Provided records —
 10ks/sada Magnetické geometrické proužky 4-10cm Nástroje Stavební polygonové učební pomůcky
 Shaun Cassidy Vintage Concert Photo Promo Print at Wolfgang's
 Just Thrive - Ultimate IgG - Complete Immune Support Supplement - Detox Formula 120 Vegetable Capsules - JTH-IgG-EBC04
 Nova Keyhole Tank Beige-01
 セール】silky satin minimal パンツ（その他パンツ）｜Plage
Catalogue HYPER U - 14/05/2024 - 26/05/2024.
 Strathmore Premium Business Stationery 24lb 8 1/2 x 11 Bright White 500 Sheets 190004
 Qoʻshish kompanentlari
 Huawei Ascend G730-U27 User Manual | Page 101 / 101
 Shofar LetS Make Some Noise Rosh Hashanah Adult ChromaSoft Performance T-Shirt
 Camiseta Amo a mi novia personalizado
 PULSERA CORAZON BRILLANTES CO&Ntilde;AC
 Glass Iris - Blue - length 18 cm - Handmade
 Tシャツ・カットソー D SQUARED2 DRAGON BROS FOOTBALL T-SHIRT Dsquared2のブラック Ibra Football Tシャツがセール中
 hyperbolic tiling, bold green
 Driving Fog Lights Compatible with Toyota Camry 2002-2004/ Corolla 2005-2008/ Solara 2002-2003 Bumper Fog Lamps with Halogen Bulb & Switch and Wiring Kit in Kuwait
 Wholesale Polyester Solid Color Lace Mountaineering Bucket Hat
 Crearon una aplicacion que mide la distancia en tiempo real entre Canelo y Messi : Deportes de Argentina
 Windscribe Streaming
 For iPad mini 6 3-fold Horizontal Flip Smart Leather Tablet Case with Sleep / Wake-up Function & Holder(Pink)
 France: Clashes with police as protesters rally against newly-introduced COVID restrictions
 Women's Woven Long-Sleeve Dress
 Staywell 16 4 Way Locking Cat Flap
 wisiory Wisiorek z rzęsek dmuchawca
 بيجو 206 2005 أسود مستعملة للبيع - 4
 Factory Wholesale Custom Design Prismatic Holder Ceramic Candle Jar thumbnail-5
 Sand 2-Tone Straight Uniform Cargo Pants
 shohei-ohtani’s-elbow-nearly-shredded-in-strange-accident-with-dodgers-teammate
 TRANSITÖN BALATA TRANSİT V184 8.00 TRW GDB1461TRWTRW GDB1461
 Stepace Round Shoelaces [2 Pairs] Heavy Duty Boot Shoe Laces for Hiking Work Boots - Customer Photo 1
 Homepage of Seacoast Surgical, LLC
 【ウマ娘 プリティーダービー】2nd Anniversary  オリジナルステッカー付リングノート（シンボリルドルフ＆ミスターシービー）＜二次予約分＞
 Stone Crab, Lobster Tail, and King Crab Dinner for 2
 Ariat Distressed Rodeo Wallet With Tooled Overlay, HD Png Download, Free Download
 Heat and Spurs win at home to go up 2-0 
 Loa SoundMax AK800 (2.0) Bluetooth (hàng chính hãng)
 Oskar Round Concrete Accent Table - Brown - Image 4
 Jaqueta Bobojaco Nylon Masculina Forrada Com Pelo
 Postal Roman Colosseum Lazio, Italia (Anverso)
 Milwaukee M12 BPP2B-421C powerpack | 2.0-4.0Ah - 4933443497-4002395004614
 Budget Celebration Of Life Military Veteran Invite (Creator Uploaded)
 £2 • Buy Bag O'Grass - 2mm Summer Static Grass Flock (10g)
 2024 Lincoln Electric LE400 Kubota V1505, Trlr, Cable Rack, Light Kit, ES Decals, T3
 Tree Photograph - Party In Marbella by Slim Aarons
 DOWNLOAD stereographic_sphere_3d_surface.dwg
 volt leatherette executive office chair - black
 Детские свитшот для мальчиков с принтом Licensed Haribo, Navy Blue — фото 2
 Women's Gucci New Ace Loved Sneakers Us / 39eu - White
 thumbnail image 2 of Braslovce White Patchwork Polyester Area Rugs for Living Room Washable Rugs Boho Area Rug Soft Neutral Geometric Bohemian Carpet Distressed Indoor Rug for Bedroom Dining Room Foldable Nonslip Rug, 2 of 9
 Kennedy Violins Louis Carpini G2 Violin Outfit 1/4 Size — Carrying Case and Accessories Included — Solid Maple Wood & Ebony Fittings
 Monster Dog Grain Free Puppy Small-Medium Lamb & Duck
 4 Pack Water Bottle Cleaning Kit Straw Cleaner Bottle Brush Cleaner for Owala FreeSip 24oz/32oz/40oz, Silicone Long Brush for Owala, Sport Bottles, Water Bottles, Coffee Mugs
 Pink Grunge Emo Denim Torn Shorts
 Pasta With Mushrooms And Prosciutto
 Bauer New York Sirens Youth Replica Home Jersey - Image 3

The problem —
Retype word for word everything in the listing above from the line that holds "Windscribe Streaming" down to the line that holds "Sand 2-Tone Straight Uniform Cargo Pants". Keep both end lines and leave out the rest.

Result —
 Windscribe Streaming
 For iPad mini 6 3-fold Horizontal Flip Smart Leather Tablet Case with Sleep / Wake-up Function & Holder(Pink)
 France: Clashes with police as protesters rally against newly-introduced COVID restrictions
 Women's Woven Long-Sleeve Dress
 Staywell 16 4 Way Locking Cat Flap
 wisiory Wisiorek z rzęsek dmuchawca
 بيجو 206 2005 أسود مستعملة للبيع - 4
 Factory Wholesale Custom Design Prismatic Holder Ceramic Candle Jar thumbnail-5
 Sand 2-Tone Straight Uniform Cargo Pants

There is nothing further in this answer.